The IANA Time Zone Database pushed out a change on October 1st. While some sites, including this blog and Weather Now, updated our copies of the database immediately, apparently not everyone else has. Typically it takes a few weeks to get changes pushed to millions of cell phones.

This is a minor, but telling, example of how authoritarian governments encourage incompetence. If Donald Trump gets elected president, expect this sort of thing to happen here.

A year of FitBit

I forgot that I picked up my FitBit a year ago this week. So how am I doing since 24 October 2014?

  • 4.76 million steps (13,000 per day)
  • 4,081 km (11 km per day)
  • 4,557 floors (12 per day)

By FitBit's reckoning, that puts me somewhere around the 90th percentile of FitBit users worldwide. It also means I've walked the entire length of Japan and climbed enough stairs to reach the normal cruising altitude of a commercial jet.

And Parker and I are about to get more steps in just a few minutes.

How Evanston got rid of cars (mostly)

Politico has a long-form article describing Evanston's efforts to rid its downtown of cars:

With stops for Chicago Transit Authority buses and its “L” rail line, Metra suburban rail’s Union Pacific North line and the Pace suburban bus, Evanston always had great transit bones. For much of its history it had also been a relatively prosperous North Shore city, its growth initially spurred by the Great Chicago Fire of 1871, as Chicagoans fled its chaotic density, and in the 20th century, its share of once-famous industrial names, from Rust-Oleum Corp. to Shure, the audio products company, to Bell & Howell, then best known for its film cameras and projectors.

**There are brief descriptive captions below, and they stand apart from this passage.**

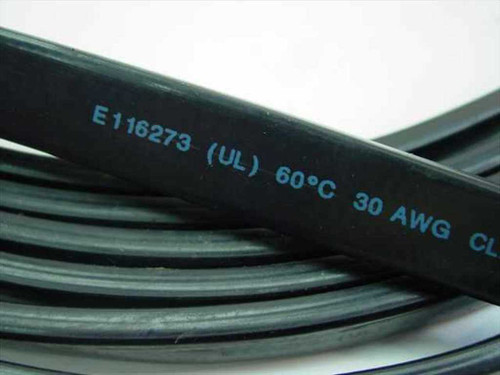 Digital BC26V-25 25-Foot SDI Interface Cable with two 8-Pin Amphenol Connectors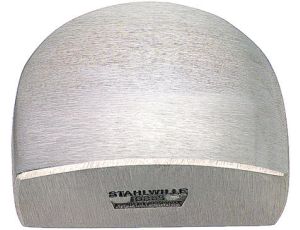 STAHLWILLE - 10865 HANDFAUST, HALBRUND Kowadełko  Dł.80mm - 70210012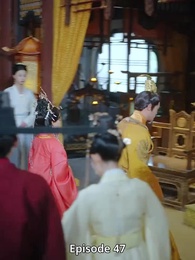 Episode 47 - Dikhianati Suami, Aku Bangkit Jadi Sang Putri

The answer to the suburb’s economic woes, as it turned out, lay in embracing Lerner’s theory that “city is not the problem, city is solution.” Beginning in 1986, a new plan for Evanston embraced the idea of a “24/7” downtown, pouring resources into increasing the density of its downtown—a density that also meant decreasing residents’ reliance on automobiles. As a compact city, Evanston couldn’t compete with the vast sprawling parking spots of the Old Orchard Mall. It had to build a different sort of appeal.

Evanston’s approach mixed investments in mass transit—including building a new downtown transportation center—and relaxing its zoning restrictions along two designated corridors, Main and Central Streets, to permit increased residential density. “Nobody wanted a 20-story building in their downtown,” recalls Aiello-Fantus, the former assistant city manager. “There was this perception that we’re just a little town and having something 20 stories changes that character.”

I'm glad Evanston's planning is getting national press. I love the place, which is why I lived there for many years (and may do again). For many years before then, my mom lived along the Main Street corridor mentioned in the article—and then moved up to Central Street later on. And, of course, I was just there a couple weeks ago.

Interesting aside: 116 years ago today, the village of Austin ceased to exist as it was absorbed into the City of Chicago by legislative fiat. The city might have swallowed Evanston as well. How Evanston avoided that is a story in itself.

Mexican villages about to get destroyed by climate change

Hurricane Patricia, which will slam into the Mexican coastal villages of San Patricio and Barra de Navidad in just a few hours, is the strongest hurricane ever observed:

Packing 200 mph winds, the U.S. National Hurricane Center described Patricia as the "strongest hurricane on record" in the Atlantic and eastern North Pacific Basins.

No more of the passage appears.